Statistical Analysis of the Potential of Landslides Induced by Combination between Rainfall and Earthquakes

Water 2022, 14(22), 3691; https://doi.org/10.3390/w14223691
by Chih-Ming Tseng 1,*, Yie-Ruey Chen 1, Chwen-Ming Chang 2, Ya-Ling Yang 3, Yu-Ru Chen 4 and Shun-Chieh Hsieh 1
Reviewer 1:
Reviewer 2: Anonymous
Water 2022, 14(22), 3691; https://doi.org/10.3390/w14223691
Submission received: 21 October 2022 / Revised: 10 November 2022 / Accepted: 11 November 2022 / Published: 15 November 2022
(This article belongs to the Special Issue Rainfall-Induced Geological Disasters)

Round 1

Reviewer 1 Report

The topic and the case-study of the manuscript are interesting and challenging. The analysis of the potentially effects of the rainfall and earthquakes as trigger factors of landslide phenomena is of great scientific interest. Furthermore, I greatly appreciated the large amount of data considered in this study.
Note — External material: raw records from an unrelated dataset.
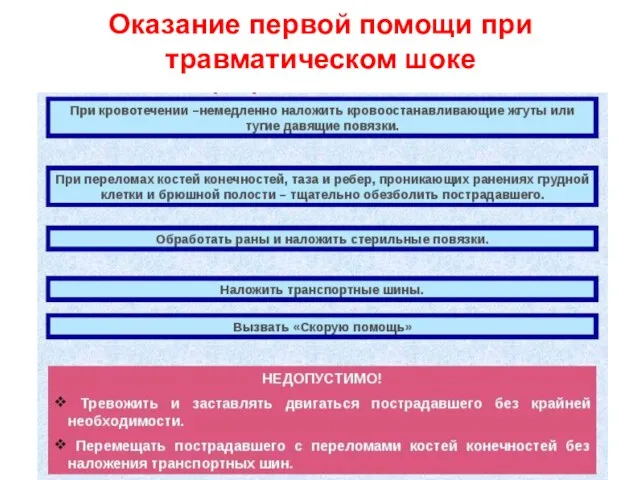 Оказание первой помощи при травматическом шоке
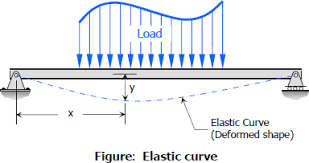 Image result for images Engineering Beam Theory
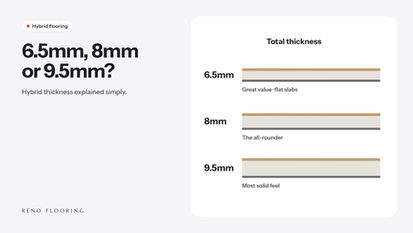 Hybrid Flooring Thickness Explained — 6.5mm vs 8mm vs 9.5mm, Which Should You Buy?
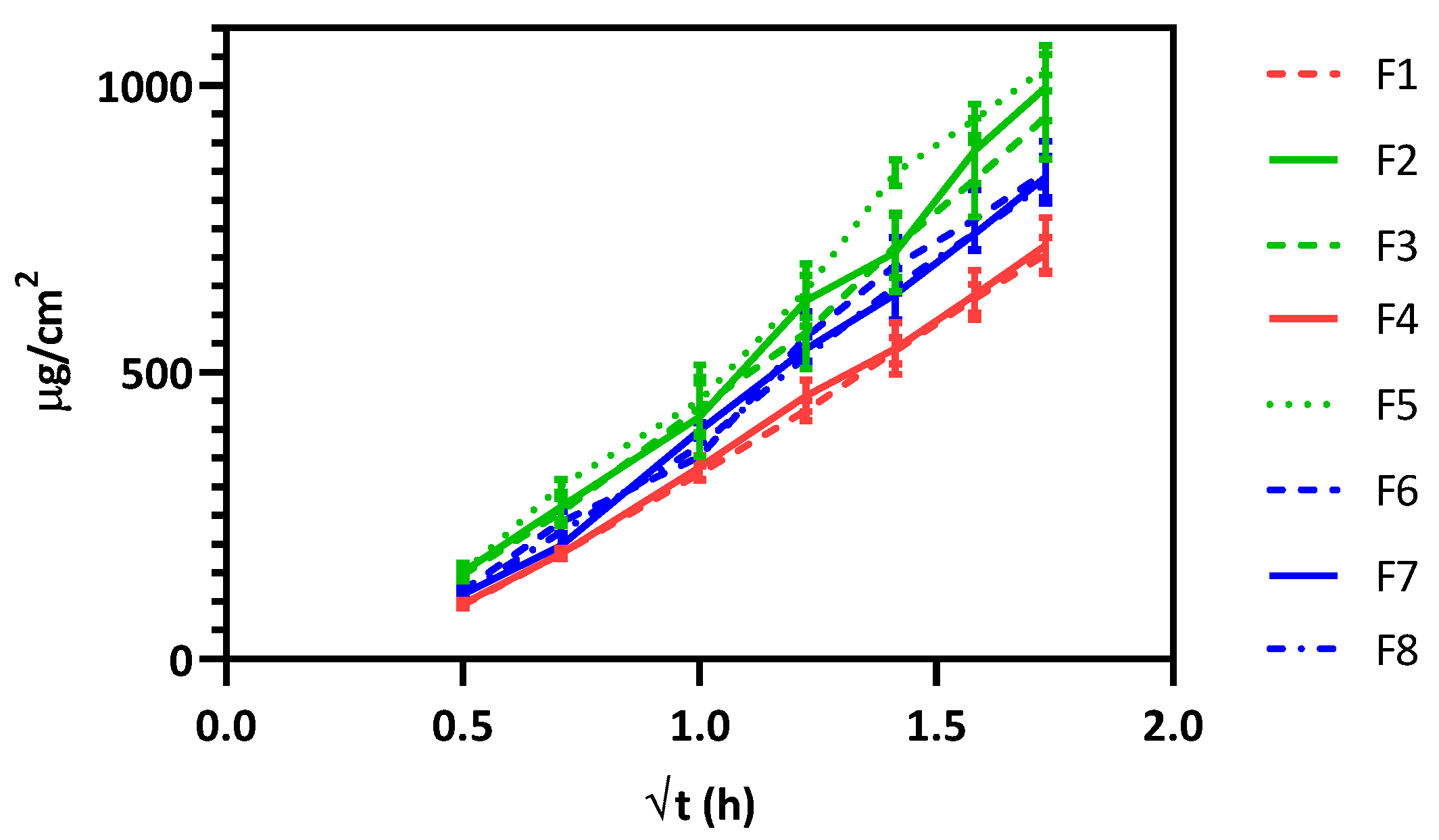 Proceedings 78 00035 g001 550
However, I have to point out many critical aspects in the manuscript.

The title could be misleading, the study concerns the analysis of the combined effect of the rainfall and earthquakes to trigger landslides. There are no correlations between rainfall and earthquakes. 

The paragraph "Research Methods" is a list of the methods used for the data analysis. Some methods are trivial and they do not require description (i.e. GIS), some others (i.e. RF algorithm) requires more details. 

There is an excessive use of tables and indexes to describe the data and some results. A focus to the critical parameters and indexes could make more readable the paper.

In particular, the paragraph 4.5 is quite difficult to follow. (for example the sentence: The out-of-bag error rate was used to estimate the error of the potential landslide assessment).

There are no comments about the limits of the proposed approach.

The paragraph "Conclusions" is a sequence of short sentences, this is not acceptable in a scientific paper! I strongly suggest to better emphasize the novelty of scientific results and implications with future works.

The figure captions could be more informative with the introduction of details on data and results displayed in the graphs.   

Finally, the English form requires a deep and accurate revision.

Author Response

Please see attached PDF file, many thanks.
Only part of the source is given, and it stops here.